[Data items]
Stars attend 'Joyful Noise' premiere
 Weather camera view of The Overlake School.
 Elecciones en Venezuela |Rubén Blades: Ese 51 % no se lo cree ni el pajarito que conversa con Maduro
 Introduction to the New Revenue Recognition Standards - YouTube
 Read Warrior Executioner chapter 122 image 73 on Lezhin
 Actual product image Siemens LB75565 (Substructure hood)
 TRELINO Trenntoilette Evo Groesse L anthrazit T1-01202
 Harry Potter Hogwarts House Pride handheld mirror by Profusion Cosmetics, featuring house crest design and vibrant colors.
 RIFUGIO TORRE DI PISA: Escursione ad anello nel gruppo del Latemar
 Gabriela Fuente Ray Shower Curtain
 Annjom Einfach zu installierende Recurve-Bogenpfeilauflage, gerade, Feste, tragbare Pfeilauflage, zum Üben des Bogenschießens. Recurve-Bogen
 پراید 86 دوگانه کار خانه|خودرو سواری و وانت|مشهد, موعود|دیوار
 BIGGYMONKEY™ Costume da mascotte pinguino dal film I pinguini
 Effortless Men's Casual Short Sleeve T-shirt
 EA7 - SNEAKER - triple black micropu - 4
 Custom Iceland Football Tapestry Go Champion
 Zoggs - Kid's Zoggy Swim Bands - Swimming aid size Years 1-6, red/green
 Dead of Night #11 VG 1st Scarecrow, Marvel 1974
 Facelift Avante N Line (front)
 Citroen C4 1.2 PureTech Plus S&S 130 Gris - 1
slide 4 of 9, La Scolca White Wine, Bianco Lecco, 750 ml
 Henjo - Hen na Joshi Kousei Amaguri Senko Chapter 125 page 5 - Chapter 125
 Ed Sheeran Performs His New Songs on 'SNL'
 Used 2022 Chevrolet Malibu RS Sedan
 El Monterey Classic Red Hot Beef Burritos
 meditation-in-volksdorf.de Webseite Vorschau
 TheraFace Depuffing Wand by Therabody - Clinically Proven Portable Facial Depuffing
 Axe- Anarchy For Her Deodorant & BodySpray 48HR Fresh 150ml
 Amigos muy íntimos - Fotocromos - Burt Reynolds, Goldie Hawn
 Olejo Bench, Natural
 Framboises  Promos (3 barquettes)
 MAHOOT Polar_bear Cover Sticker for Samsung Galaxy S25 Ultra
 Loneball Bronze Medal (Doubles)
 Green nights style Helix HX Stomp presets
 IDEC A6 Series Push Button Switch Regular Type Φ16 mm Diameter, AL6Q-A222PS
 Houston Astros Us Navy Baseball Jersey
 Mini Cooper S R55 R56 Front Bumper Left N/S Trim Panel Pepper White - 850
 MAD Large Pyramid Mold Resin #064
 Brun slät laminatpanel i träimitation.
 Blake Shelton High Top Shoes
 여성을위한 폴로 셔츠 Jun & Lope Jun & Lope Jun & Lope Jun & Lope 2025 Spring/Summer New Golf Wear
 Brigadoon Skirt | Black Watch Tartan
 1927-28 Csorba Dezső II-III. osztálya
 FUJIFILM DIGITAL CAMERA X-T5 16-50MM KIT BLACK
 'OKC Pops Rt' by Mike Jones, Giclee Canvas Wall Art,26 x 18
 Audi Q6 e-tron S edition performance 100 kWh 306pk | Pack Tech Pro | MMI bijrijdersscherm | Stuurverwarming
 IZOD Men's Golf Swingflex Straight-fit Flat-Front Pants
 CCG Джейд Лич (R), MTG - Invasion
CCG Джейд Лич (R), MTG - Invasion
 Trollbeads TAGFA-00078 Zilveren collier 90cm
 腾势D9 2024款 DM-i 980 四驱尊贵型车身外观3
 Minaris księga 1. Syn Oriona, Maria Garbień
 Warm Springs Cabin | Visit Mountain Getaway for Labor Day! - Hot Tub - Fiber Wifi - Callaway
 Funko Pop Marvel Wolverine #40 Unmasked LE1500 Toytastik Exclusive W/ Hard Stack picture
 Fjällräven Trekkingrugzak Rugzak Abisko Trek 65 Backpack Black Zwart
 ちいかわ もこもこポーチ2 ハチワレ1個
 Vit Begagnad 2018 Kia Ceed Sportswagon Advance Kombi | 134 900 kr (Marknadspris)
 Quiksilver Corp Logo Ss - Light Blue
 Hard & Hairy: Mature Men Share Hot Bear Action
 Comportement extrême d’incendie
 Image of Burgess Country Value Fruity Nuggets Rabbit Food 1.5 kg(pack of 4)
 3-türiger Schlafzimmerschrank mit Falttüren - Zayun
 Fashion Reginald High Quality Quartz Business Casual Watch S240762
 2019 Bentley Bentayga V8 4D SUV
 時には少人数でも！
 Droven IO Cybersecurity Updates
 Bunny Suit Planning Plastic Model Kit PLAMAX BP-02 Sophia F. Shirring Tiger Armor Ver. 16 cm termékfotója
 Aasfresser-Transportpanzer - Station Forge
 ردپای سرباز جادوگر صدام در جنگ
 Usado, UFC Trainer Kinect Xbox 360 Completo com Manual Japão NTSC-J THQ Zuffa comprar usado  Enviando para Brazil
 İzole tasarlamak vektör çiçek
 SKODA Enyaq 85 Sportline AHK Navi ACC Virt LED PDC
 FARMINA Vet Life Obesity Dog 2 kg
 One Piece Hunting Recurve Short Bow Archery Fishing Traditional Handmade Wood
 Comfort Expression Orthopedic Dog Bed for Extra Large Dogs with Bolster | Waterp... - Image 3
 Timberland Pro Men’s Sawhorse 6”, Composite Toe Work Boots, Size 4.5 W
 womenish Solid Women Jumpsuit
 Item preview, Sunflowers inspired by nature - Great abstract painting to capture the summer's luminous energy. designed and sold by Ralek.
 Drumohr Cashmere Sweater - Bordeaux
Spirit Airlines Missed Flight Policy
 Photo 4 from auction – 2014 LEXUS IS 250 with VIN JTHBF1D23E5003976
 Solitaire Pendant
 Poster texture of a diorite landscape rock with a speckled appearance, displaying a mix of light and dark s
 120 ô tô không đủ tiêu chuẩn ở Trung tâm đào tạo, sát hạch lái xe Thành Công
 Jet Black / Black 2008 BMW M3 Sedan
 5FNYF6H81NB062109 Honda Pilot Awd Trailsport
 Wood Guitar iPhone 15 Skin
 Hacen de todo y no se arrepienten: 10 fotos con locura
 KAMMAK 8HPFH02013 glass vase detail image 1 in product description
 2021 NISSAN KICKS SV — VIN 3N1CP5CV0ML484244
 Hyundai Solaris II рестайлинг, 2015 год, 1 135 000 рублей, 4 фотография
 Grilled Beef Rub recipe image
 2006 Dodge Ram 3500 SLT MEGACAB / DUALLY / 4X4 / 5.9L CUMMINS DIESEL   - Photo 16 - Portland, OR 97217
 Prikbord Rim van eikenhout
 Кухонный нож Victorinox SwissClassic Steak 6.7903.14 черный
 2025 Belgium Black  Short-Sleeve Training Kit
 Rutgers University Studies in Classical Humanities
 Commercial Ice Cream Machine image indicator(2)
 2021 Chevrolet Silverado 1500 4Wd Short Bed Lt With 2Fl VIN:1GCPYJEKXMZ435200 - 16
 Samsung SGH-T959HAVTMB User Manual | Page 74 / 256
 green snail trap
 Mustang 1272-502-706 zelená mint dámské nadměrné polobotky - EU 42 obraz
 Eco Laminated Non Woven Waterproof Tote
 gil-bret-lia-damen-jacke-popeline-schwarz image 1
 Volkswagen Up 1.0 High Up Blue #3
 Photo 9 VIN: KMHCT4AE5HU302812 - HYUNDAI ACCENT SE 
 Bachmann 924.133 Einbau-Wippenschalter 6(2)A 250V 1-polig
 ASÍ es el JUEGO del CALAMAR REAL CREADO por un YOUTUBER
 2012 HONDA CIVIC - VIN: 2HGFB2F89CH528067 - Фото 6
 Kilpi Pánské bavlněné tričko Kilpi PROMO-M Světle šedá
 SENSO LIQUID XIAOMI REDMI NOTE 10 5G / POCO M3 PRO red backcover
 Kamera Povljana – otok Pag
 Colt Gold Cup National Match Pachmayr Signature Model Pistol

• **Instructions to follow**
Transcribe the records above exactly, beginning at the line that contains "womenish Solid Women Jumpsuit" and ending with the line that contains "2021 Chevrolet Silverado", both included, and nothing else.

• **Exercise answer**
 womenish Solid Women Jumpsuit
 Item preview, Sunflowers inspired by nature - Great abstract painting to capture the summer's luminous energy. designed and sold by Ralek.
 Drumohr Cashmere Sweater - Bordeaux
Spirit Airlines Missed Flight Policy
 Photo 4 from auction – 2014 LEXUS IS 250 with VIN JTHBF1D23E5003976
 Solitaire Pendant
 Poster texture of a diorite landscape rock with a speckled appearance, displaying a mix of light and dark s
 120 ô tô không đủ tiêu chuẩn ở Trung tâm đào tạo, sát hạch lái xe Thành Công
 Jet Black / Black 2008 BMW M3 Sedan
 5FNYF6H81NB062109 Honda Pilot Awd Trailsport
 Wood Guitar iPhone 15 Skin
 Hacen de todo y no se arrepienten: 10 fotos con locura
 KAMMAK 8HPFH02013 glass vase detail image 1 in product description
 2021 NISSAN KICKS SV — VIN 3N1CP5CV0ML484244
 Hyundai Solaris II рестайлинг, 2015 год, 1 135 000 рублей, 4 фотография
 Grilled Beef Rub recipe image
 2006 Dodge Ram 3500 SLT MEGACAB / DUALLY / 4X4 / 5.9L CUMMINS DIESEL   - Photo 16 - Portland, OR 97217
 Prikbord Rim van eikenhout
 Кухонный нож Victorinox SwissClassic Steak 6.7903.14 черный
 2025 Belgium Black  Short-Sleeve Training Kit
 Rutgers University Studies in Classical Humanities
 Commercial Ice Cream Machine image indicator(2)
 2021 Chevrolet Silverado 1500 4Wd Short Bed Lt With 2Fl VIN:1GCPYJEKXMZ435200 - 16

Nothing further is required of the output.